▶ [What is needed] Repeat the listing below word for word, leaving nothing out.
☆ ☆ ☆
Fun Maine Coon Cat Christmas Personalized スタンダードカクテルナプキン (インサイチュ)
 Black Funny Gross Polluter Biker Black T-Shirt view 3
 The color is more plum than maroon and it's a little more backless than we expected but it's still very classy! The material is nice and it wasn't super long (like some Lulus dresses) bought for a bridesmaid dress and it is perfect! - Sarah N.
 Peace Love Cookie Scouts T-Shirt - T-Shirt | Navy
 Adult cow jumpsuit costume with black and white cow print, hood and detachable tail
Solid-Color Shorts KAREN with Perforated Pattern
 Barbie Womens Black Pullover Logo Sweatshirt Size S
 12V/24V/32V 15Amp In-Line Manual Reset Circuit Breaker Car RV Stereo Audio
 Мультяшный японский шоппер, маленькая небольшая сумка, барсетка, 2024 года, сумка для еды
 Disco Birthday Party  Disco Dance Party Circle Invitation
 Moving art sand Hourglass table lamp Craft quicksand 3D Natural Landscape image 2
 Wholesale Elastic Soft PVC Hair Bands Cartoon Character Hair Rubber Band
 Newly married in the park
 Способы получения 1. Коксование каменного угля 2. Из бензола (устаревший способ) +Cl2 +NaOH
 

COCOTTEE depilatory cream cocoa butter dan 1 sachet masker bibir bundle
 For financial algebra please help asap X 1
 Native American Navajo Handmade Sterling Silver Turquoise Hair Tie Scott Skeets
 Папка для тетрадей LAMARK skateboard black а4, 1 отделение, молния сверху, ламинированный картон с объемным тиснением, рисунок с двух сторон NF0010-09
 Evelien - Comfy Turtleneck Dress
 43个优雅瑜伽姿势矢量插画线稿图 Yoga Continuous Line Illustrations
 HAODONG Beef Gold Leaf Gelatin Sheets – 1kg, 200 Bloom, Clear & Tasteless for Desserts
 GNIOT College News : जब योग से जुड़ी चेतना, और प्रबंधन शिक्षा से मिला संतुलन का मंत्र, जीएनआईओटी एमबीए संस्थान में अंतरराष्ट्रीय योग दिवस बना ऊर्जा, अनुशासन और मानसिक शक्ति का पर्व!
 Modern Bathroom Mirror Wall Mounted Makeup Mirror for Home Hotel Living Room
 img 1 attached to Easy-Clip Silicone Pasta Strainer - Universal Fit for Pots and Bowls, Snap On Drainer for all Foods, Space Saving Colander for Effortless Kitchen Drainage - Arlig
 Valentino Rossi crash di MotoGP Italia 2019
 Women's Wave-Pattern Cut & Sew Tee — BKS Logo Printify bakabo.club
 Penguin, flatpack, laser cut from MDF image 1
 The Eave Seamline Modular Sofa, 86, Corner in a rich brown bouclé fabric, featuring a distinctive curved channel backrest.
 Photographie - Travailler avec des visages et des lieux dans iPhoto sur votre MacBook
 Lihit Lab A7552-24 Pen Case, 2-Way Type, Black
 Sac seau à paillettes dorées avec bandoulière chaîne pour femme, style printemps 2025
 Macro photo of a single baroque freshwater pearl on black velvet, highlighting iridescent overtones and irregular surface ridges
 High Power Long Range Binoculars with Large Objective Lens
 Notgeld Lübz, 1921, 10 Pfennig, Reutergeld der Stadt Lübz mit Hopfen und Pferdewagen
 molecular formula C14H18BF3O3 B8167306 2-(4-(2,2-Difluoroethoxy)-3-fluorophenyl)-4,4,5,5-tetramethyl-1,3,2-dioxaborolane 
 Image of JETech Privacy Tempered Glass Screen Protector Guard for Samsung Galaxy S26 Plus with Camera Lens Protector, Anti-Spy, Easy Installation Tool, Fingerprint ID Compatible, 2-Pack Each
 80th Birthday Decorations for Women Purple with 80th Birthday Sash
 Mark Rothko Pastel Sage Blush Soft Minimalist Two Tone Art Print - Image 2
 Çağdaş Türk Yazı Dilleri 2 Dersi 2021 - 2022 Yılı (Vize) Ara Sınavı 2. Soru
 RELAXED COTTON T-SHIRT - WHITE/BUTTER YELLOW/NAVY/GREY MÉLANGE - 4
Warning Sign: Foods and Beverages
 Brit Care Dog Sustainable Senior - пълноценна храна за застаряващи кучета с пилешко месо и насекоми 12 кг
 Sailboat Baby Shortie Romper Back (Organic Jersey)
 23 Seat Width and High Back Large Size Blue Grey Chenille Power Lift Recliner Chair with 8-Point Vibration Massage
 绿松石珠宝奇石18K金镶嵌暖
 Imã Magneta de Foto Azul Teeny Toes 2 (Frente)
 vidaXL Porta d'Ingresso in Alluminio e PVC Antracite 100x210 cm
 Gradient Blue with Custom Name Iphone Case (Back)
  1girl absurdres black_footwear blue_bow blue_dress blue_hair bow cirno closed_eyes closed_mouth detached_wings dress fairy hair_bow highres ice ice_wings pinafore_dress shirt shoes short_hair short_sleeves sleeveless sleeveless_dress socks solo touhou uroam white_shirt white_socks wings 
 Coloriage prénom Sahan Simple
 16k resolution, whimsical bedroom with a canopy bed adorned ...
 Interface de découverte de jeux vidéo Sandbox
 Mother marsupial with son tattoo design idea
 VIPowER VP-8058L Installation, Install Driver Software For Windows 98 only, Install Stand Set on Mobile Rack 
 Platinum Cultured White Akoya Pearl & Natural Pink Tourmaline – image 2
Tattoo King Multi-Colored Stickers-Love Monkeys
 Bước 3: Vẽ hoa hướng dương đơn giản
☆ ☆ ☆
▶ [Solution to the exercise]
Fun Maine Coon Cat Christmas Personalized スタンダードカクテルナプキン (インサイチュ)
 Black Funny Gross Polluter Biker Black T-Shirt view 3
 The color is more plum than maroon and it's a little more backless than we expected but it's still very classy! The material is nice and it wasn't super long (like some Lulus dresses) bought for a bridesmaid dress and it is perfect! - Sarah N.
 Peace Love Cookie Scouts T-Shirt - T-Shirt | Navy
 Adult cow jumpsuit costume with black and white cow print, hood and detachable tail
Solid-Color Shorts KAREN with Perforated Pattern
 Barbie Womens Black Pullover Logo Sweatshirt Size S
 12V/24V/32V 15Amp In-Line Manual Reset Circuit Breaker Car RV Stereo Audio
 Мультяшный японский шоппер, маленькая небольшая сумка, барсетка, 2024 года, сумка для еды
 Disco Birthday Party  Disco Dance Party Circle Invitation
 Moving art sand Hourglass table lamp Craft quicksand 3D Natural Landscape image 2
 Wholesale Elastic Soft PVC Hair Bands Cartoon Character Hair Rubber Band
 Newly married in the park
 Способы получения 1. Коксование каменного угля 2. Из бензола (устаревший способ) +Cl2 +NaOH
 

COCOTTEE depilatory cream cocoa butter dan 1 sachet masker bibir bundle
 For financial algebra please help asap X 1
 Native American Navajo Handmade Sterling Silver Turquoise Hair Tie Scott Skeets
 Папка для тетрадей LAMARK skateboard black а4, 1 отделение, молния сверху, ламинированный картон с объемным тиснением, рисунок с двух сторон NF0010-09
 Evelien - Comfy Turtleneck Dress
 43个优雅瑜伽姿势矢量插画线稿图 Yoga Continuous Line Illustrations
 HAODONG Beef Gold Leaf Gelatin Sheets – 1kg, 200 Bloom, Clear & Tasteless for Desserts
 GNIOT College News : जब योग से जुड़ी चेतना, और प्रबंधन शिक्षा से मिला संतुलन का मंत्र, जीएनआईओटी एमबीए संस्थान में अंतरराष्ट्रीय योग दिवस बना ऊर्जा, अनुशासन और मानसिक शक्ति का पर्व!
 Modern Bathroom Mirror Wall Mounted Makeup Mirror for Home Hotel Living Room
 img 1 attached to Easy-Clip Silicone Pasta Strainer - Universal Fit for Pots and Bowls, Snap On Drainer for all Foods, Space Saving Colander for Effortless Kitchen Drainage - Arlig
 Valentino Rossi crash di MotoGP Italia 2019
 Women's Wave-Pattern Cut & Sew Tee — BKS Logo Printify bakabo.club
 Penguin, flatpack, laser cut from MDF image 1
 The Eave Seamline Modular Sofa, 86, Corner in a rich brown bouclé fabric, featuring a distinctive curved channel backrest.
 Photographie - Travailler avec des visages et des lieux dans iPhoto sur votre MacBook
 Lihit Lab A7552-24 Pen Case, 2-Way Type, Black
 Sac seau à paillettes dorées avec bandoulière chaîne pour femme, style printemps 2025
 Macro photo of a single baroque freshwater pearl on black velvet, highlighting iridescent overtones and irregular surface ridges
 High Power Long Range Binoculars with Large Objective Lens
 Notgeld Lübz, 1921, 10 Pfennig, Reutergeld der Stadt Lübz mit Hopfen und Pferdewagen
 molecular formula C14H18BF3O3 B8167306 2-(4-(2,2-Difluoroethoxy)-3-fluorophenyl)-4,4,5,5-tetramethyl-1,3,2-dioxaborolane 
 Image of JETech Privacy Tempered Glass Screen Protector Guard for Samsung Galaxy S26 Plus with Camera Lens Protector, Anti-Spy, Easy Installation Tool, Fingerprint ID Compatible, 2-Pack Each
 80th Birthday Decorations for Women Purple with 80th Birthday Sash
 Mark Rothko Pastel Sage Blush Soft Minimalist Two Tone Art Print - Image 2
 Çağdaş Türk Yazı Dilleri 2 Dersi 2021 - 2022 Yılı (Vize) Ara Sınavı 2. Soru
 RELAXED COTTON T-SHIRT - WHITE/BUTTER YELLOW/NAVY/GREY MÉLANGE - 4
Warning Sign: Foods and Beverages
 Brit Care Dog Sustainable Senior - пълноценна храна за застаряващи кучета с пилешко месо и насекоми 12 кг
 Sailboat Baby Shortie Romper Back (Organic Jersey)
 23 Seat Width and High Back Large Size Blue Grey Chenille Power Lift Recliner Chair with 8-Point Vibration Massage
 绿松石珠宝奇石18K金镶嵌暖
 Imã Magneta de Foto Azul Teeny Toes 2 (Frente)
 vidaXL Porta d'Ingresso in Alluminio e PVC Antracite 100x210 cm
 Gradient Blue with Custom Name Iphone Case (Back)
  1girl absurdres black_footwear blue_bow blue_dress blue_hair bow cirno closed_eyes closed_mouth detached_wings dress fairy hair_bow highres ice ice_wings pinafore_dress shirt shoes short_hair short_sleeves sleeveless sleeveless_dress socks solo touhou uroam white_shirt white_socks wings 
 Coloriage prénom Sahan Simple
 16k resolution, whimsical bedroom with a canopy bed adorned ...
 Interface de découverte de jeux vidéo Sandbox
 Mother marsupial with son tattoo design idea
 VIPowER VP-8058L Installation, Install Driver Software For Windows 98 only, Install Stand Set on Mobile Rack 
 Platinum Cultured White Akoya Pearl & Natural Pink Tourmaline – image 2
Tattoo King Multi-Colored Stickers-Love Monkeys
 Bước 3: Vẽ hoa hướng dương đơn giản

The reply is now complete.